SQLServerCentral Article

Seeding a Fabric Warehouse with dbt for Visual Studio Code: The Fabric Modern Data Platform

,

Data build tool (dbt) is an open-source command line tool that helps analysts and engineers transform data within their warehouses.  This tool does not perform the Extract and Load actions of ETL.  Instead, it focuses on Transformation process using select statements to covert the data into tables and views.  Having the data separated into raw (bronze), refined (silver) and curated (gold) quality zones allows a clear separation of processes.  The medallion architecture was coined by Databricks.  A tool like Fivetran can be used to load into the raw quality zone and dbt can be responsible for transforming that data into the silver and curated layers.
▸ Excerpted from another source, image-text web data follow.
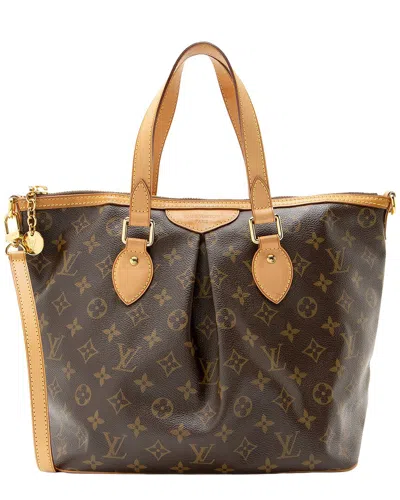 Pre-owned Louis Vuitton Brown Monogram Coated Canvas, Leather Palermo Pm (authentic Pre-  Loved)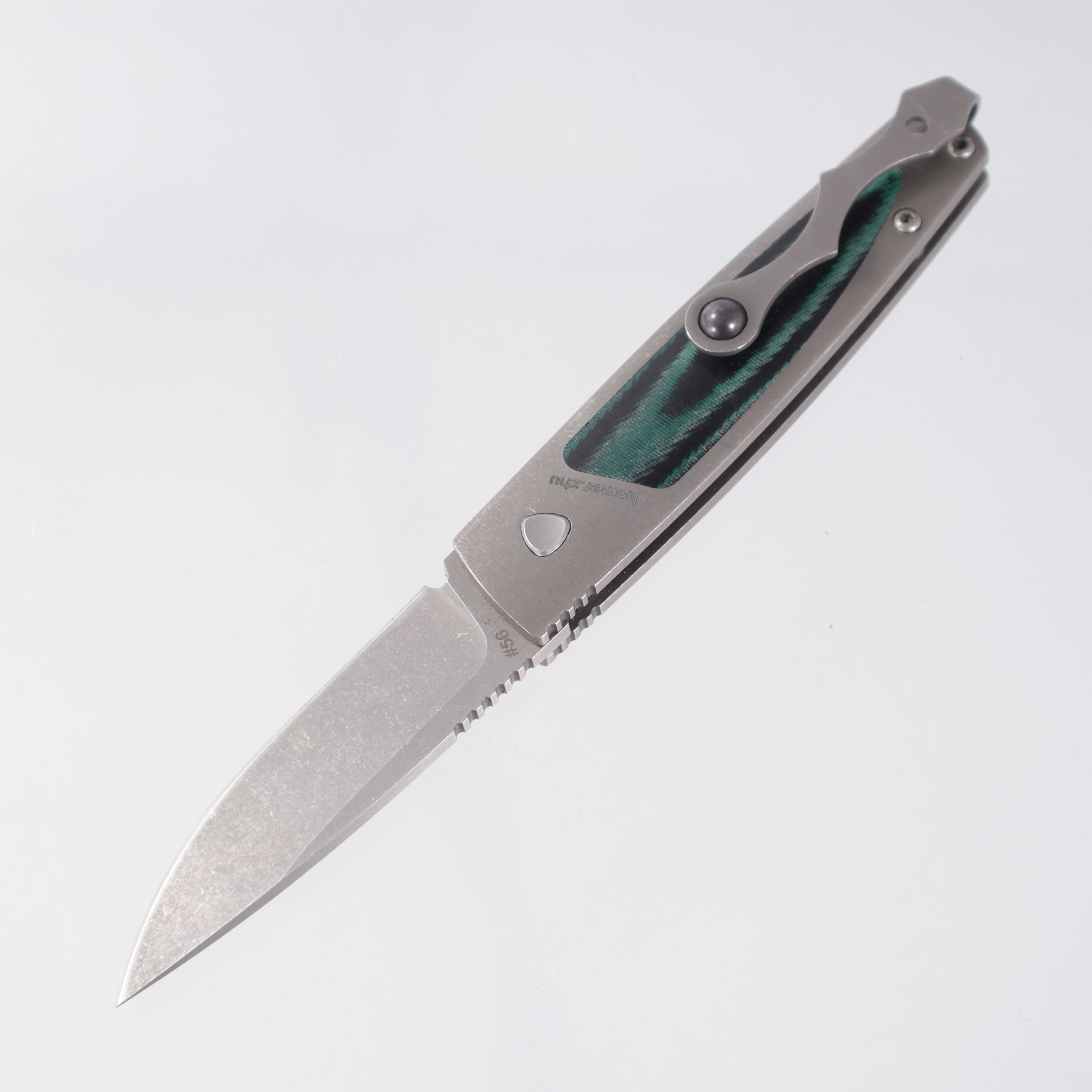 Homer Zhu Chen Auto #56 - Stonewash Titanium w Green/Black Micarta Inlays - Stonewash 154CM *PRE-OWNED*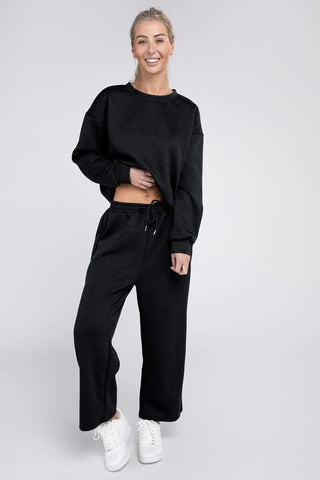 Textured Fabric Top and Pants Casual Set  *Online Only* - Premium  at Lonnys NY - Just $45! Shop Womens clothing now 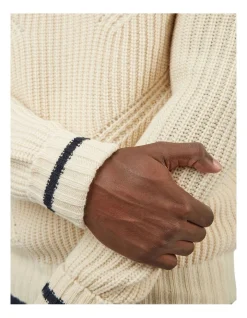 Ben Sherman Textured Stripe Roll Neck Knit In Cream -Coats Sales Store 970975720 7 720x928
There are always exceptions to the rule.  That is where is the seed command comes into play.  It is used to load small batches of static data into a warehouse from CSV files.  Thus, loading the dimensional tables in the raw quality zone is a clever use of this command.

Business Problem

Our manager has heard about the chinook sample database.  He would like the team to learn how to create the raw quality zone of the warehouse using this dataset.  In today’s article, we will go through the process of creating the case insensitive warehouse, converting the existing SQL Server scripts into the Fabric Warehouse syntax, test loading the warehouse with sample data, and transforming the insert statements into CSV files.  Of course, we will be using Agentic AI when some difficult problems arise.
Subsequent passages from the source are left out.